What do telco operators need to succeed with machine learning

Machine learning is a prominent topic in the field of telecommunications right now. With the promise of automated operational efficiencies, personalised customer offerings and fraud mitigation, it’s no surprise that operators are investing in this advancing technology. In this blog, we discuss what they actually need to prove successful with machine learning.

Easy access to lots of data

One of the things we know is essential to machine learning is data, and lots of it! For telecoms operators, this usually isn’t a problem; there are more mobile devices than people across the globe, and behind every mobile device there is masses of data. Network operators have access to call detail records, service usage statistics, network equipment utilisation, network performance metrics, customer experience metrics and so on. The challenge actually arises when it comes to accessing and interpreting this data.

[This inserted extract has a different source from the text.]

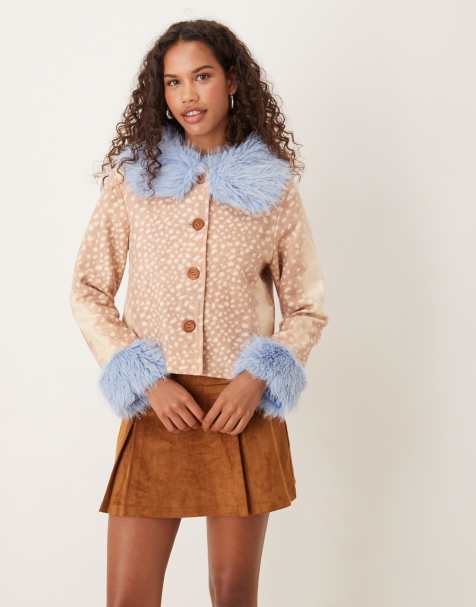 Never Fully Dressed faux fur deer print jacket in blue and gold - view 1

For many network operators, their big data is stored in multiple places, and accessed using disparate tool sets. To build a successful machine learning model, training data that consists of a set of parameters and a known outcome is required. Building a usable training data set from multiple storage locations, when often the outcome isn’t automatically associated to the defined parameters is a time consuming and semi-manual task. As well as this, operators must be confident in the data quality, and will need to deploy automated data quality fixing processes to ensure accurate results from their machine learning models. In fact, accessing high volumes, of quality data can prove to be one of the most time-consuming parts of developing a new machine learning use case.

The right use cases

In a competitive commercial environment such as telecommunications, finding the right use cases for machine learning is essential. It’s a hot topic in the industry right now, but that doesn’t necessarily mean that it is the right approach for everything. Andreas Vegas, Global Big Data Director at Telefonica explained at this years’ Telco Data Analytics that Telefonica have achieved a 20% CAPEX saving via a new network deployment optimisation tool, which has no machine learning capabilities whatsoever. So, finding the right use cases where machine learning has the potential to deliver real impact is essential. Have a read of our blog, 5 machine learning applications in telecoms for a flavour of the types of use cases beginning to emerge.

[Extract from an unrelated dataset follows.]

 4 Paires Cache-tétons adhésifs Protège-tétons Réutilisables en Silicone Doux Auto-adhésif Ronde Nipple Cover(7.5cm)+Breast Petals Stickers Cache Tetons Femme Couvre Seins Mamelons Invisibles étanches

Programmers AND telco experts

Machine learning roles are usually associated with software engineers and data scientists, who have the knowledge and experience to define and build the complex algorithms required. The types of skills needed include computer science fundamentals, programming, an understanding of probability and statistics, software engineering and data modelling expertise. These skills can sit with dedicated in-house resource, external partnerships with universities or research centres, and with machine learning vendors. The telecommunications industry is no different to any other in this respect, however another resource is also required; telco data experts.

Telecoms data is notoriously complex with incoherent naming conventions, entangled relationships and trends that are difficult to decipher. To build a successful machine learning model, an understanding of telecoms data is essential, not only to understand what it means but also understand the relationship between different types of data. Programmers and telco data experts must work together to identify machine learning use cases, and define the relevant data sets.

Computing power

The question of hardware requirements for machine learning is one that comes up often. Machine learning models can quite easily be built using an off-the-shelf computer, in fact Microsoft have even managed to carry out machine learning on a Raspberry Pi. But the challenges arise when it comes to actually training the model. Generally, the more data to train with means a more accurate model as a result, but it also means more processing power and longer processing times. And when you are running hundreds of data sets with small tweaks for each epoch, the processing time can soon add up.

Most telecoms operators already have access to an abundance of hardware since they usually run their own data centres. And for many machine learning use cases this can easily be sufficient, especially in the early days. If they also run a virtual environment, operators can quite easily spin-up/spin-down multiple workload processes as and when required to further resource their machine learning models. However, as machine learning use cases expand, or real-time use cases emerge, GPU accelerated hardware should be considered. A GPU offers more cores than traditional CPU’s, allowing the processing of parallel workloads much more efficiently. They are also better designed for multiple repetitive tasks with just small tweaks, such is the case with training a machine learning model. Of course, this comes at a cost; NVIDIA have designed the GDX-1 specifically for machine learning with 5 GPUs, coming it at around £100,000.